Climate simulations of major estuarine watersheds in the Mid-Atlantic region of the US

To better understand the implications of anthropogenic climate change for three major Mid-Atlantic estuaries (the Chesapeake Bay, the Delaware Bay, and the Hudson River Estuary), we analyzed the regional output of seven global climate models. The simulation given by the average of the models was generally superior to individual models, which differed dramatically in their ability to simulate twentieth-century climate. The model average had little bias in its mean temperature and precipitation and, except in the Lower Chesapeake Watershed, was able to capture the twentieth-century temperature trend.
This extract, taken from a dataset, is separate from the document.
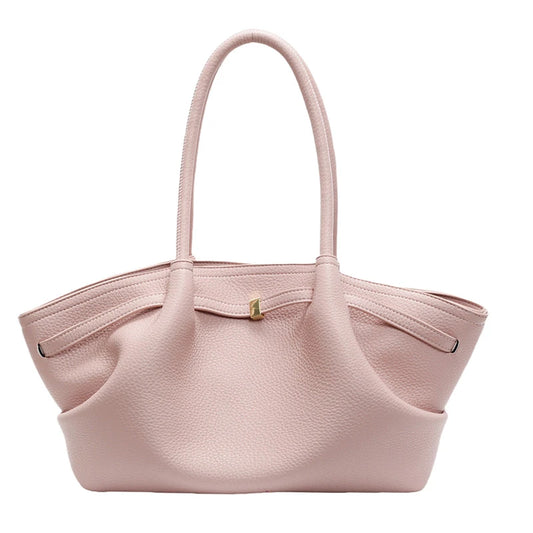 Moods Lychee Pattern Underarm Shoulder Bags For Women Soft PU Leather Large Capacity Mini Tote Bag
Weaknesses in the model average were too much seasonality in temperature and precipitation, a shift in precipitation’s summer maximum to spring and winter minimum to fall, interannual variability that was too high in temperature and too low in precipitation, and inability to capture the twentieth-century precipitation increase. There is some evidence that model deficiencies are related to land surface parameterizations. All models warmed over the twenty-first century under the six greenhouse gas scenarios considered, with an increase of 4.7 ± 2.0°C (model mean ± 1 standard deviation) for the A2 scenario (a medium-high emission scenario) over the Chesapeake Bay Watershed by 2070–2099. Precipitation projections had much weaker consensus, with a corresponding increase of 3 ± 12% for the A2 scenario, but in winter there was a more consistent increase of 8 ± 7%. The projected climate averaged over the four best-performing models was significantly cooler and wetter than the projected seven-model-average climate. Precipitation projections were within the range of interannual variability but temperature projections were not. The implied research needs are for improvements in precipitation projections and a better understanding of the impacts of warming on streamflow and estuarine ecology and biogeochemistry.